C’est en raison de tant de perspectives sous-entendues dans les Invariants par des signalisations élémentaires que nos camarades secondaires ont accueilli avec enthousiasme ce code de la pédagogie Freinet. Habitués qu'ils sont à exploiter en rhéteurs, pourrait-on dire, les situations de pensées et d'idées incluses dans la philosophie, ils deviennent plus aisément meneurs de jeu pour de bon : ces structures symbolisées par des signaux, sont à leurs yeux comme une entrée dans une cybernétique vivante qui ne cesse d'être prometteuse d'infinies situations culturelles.

 

***

Il est à craindre, par contre, qu'à l'exception de nos camarades rompus à la dialectique de Freinet et à l'unité de ses conceptions, nos instituteurs n'aient pas su apprécier dans leur esprit et leur raccourci dynamique, les données fondamentales des Invariants pédagogiques. Et pourtant, ils ont là, à leur portée, un contrôle et une mise à l'épreuve immédiate de cette part du maître, dont, par ailleurs, ils se recommandent. Le graphique général qui, en fin de la brochure, fait le point de « la situation de l’enseignant » est pourtant un test de grande sûreté pour juger le comportement de l'éducateur et l’inciter à dépouiller le maître traditionnel qui encore sommeille et souvent revit en lui, avec ses prérogatives encore affirmées.

Camarades des cadres qui vous employez avec tant de dévouement à aider les jeunes et les débutants ; qui ne cessez de leur prodiguer exemples et conseils pour hâter la formation de ces classes-témoins si nécessaires à une loyale propagande ; camarades responsables qui nous dites votre indécision quant à l'appréciation de certains maîtres, vous avez dans les Invariants un guide et un aide précieux.
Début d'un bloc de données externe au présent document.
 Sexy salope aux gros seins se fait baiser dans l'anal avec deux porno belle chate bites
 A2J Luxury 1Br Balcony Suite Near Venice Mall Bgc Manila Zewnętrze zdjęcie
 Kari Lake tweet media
Dans le climat d'entraide et d'amitié qui est de mise dans nos groupes départementaux, l'analyse et l'application des Invariants dans le profil de comportement des maîtres, sont une occasion unique d’entrer au cœur des problèmes pédagogiques. Tout y est en place pour ce qui regarde la part du maître, l'organisation de la classe, l'esprit des techniques, la discipline, la coopération et s’y ajoute cet optimisme de rigueur dans une classe Freinet.
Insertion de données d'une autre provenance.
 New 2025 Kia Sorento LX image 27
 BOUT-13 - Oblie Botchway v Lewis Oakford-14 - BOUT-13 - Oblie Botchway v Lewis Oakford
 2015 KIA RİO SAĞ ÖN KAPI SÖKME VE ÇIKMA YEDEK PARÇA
Il faut considérer imprudente et hasardeuse, l'idée approximative de la liberté que des camarades débutants intègrent à leur conception, non moins approximative de la pédagogie Freinet. Il est impensable que bénéficiant de directives si précises incluses dans tant et tant d’écrits de Freinet, des praticiens puissent encore courir le risque de dégrader une pédagogie spécialement étudiée, adaptée à l'actualité et inlassablement proposée à la grande masse des instituteurs. Cela d'autant plus que leur sont offerts les exemples vivants et démonstratifs de camarades généreux si totalement dévoués à une œuvre dont moralement ils sont désormais responsables.

Plus que jamais, il nous faut préserver les valeurs d'une pédagogie qui a pris l’avance du temps et la maturité de son expérience. Plus que jamais, il nous faut préserver la dignité de notre vocation, en sentir la noblesse et s'en pénétrer dans tous les actes de notre vie. II n'y aura jamais assez de bonnes volontés, unies au coude à coude pour travailler à la réalisation d’une éducation naturelle, harmonieuse, efficiente, digne du destin de l'enfant,

ELISE FREINET
(1) C. Freinet : Essai de Psychologie Sensible, p. 169 (Ed. Delachaux et Niestlé).
(2) C. Freinet : Les Invariants pédagogiques, BEM n° 25 (Ed. de l'Ecole Moderne,)
(3) Que l'on excuse ces répétitions nécessaires de termes inclus toujours dans l’expression d'une pédagogie de totalité.